| MATERIAL TO PROCESS |
---+---
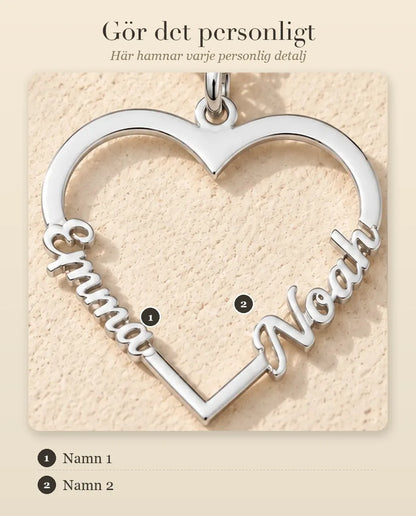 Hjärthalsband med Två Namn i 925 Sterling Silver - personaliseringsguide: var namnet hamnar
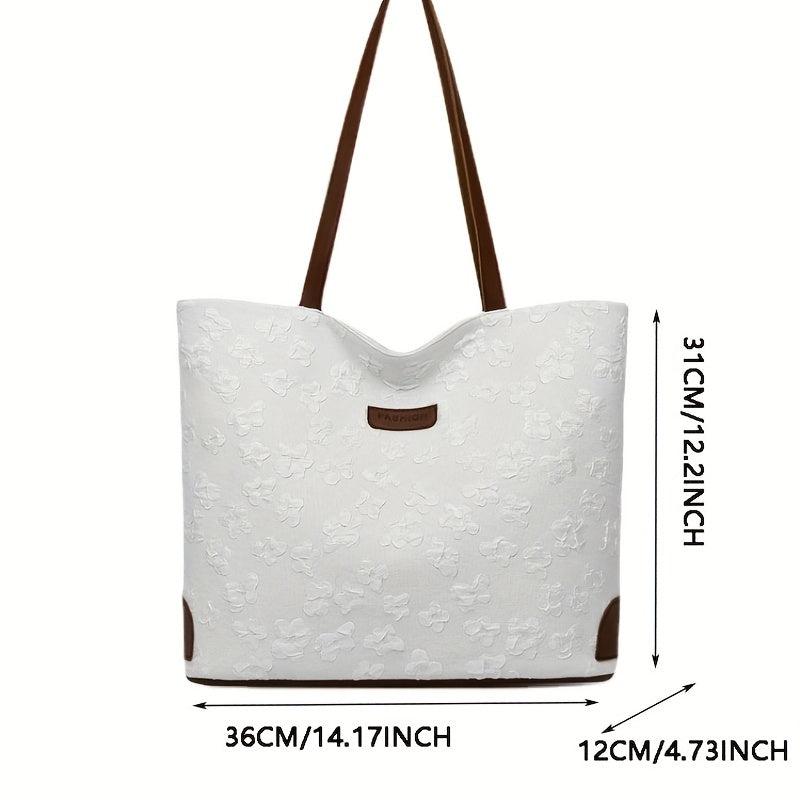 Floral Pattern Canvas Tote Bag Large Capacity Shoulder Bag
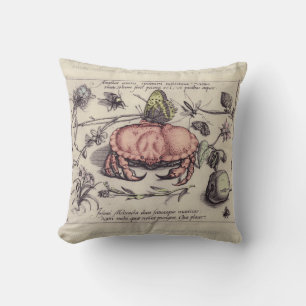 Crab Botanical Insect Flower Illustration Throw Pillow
---+---
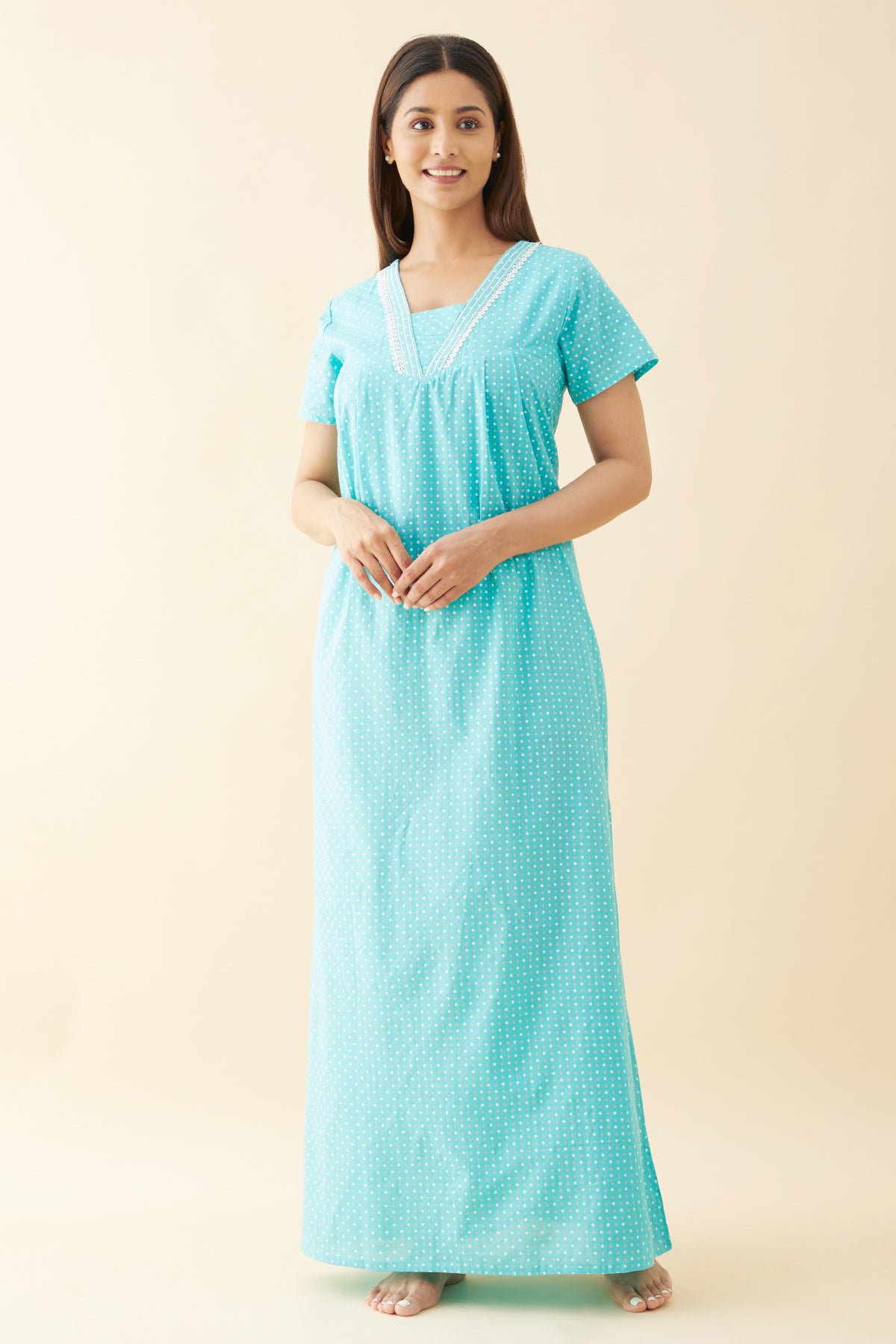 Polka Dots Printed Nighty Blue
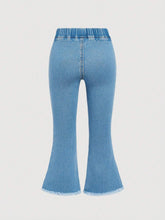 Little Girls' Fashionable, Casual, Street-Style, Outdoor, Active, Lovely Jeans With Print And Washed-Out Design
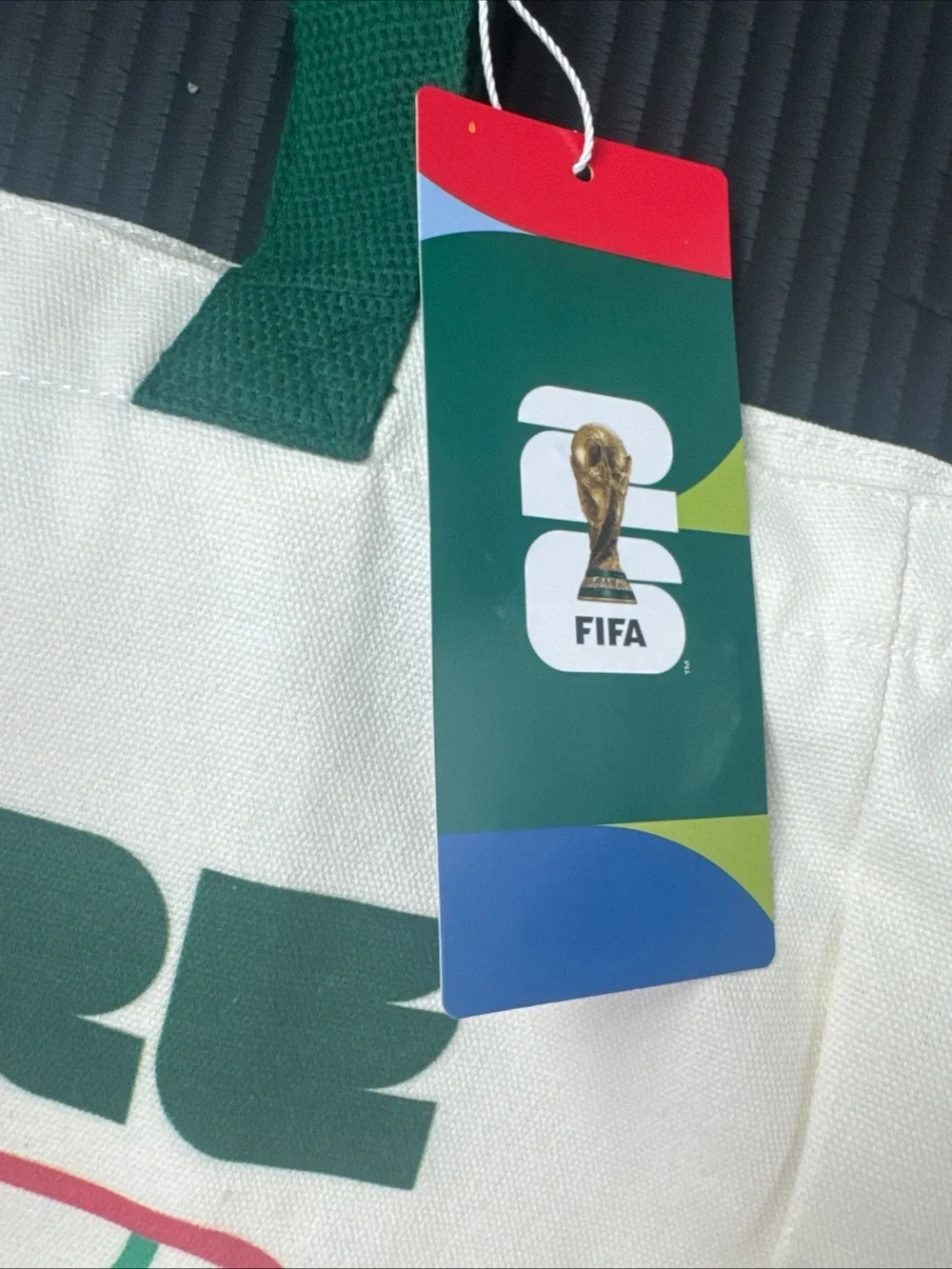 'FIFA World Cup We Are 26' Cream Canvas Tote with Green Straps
---+---
| WHAT THE TASK ASKS |
Write out exactly the lines above between the one with "Hjärthalsband med Två" and the one with "Crab Botanical Insect", inclusive, with pictures left out.

| RESPONSE TO THE EXERCISE |
 Hjärthalsband med Två Namn i 925 Sterling Silver - personaliseringsguide: var namnet hamnar
 Floral Pattern Canvas Tote Bag Large Capacity Shoulder Bag
 Crab Botanical Insect Flower Illustration Throw Pillow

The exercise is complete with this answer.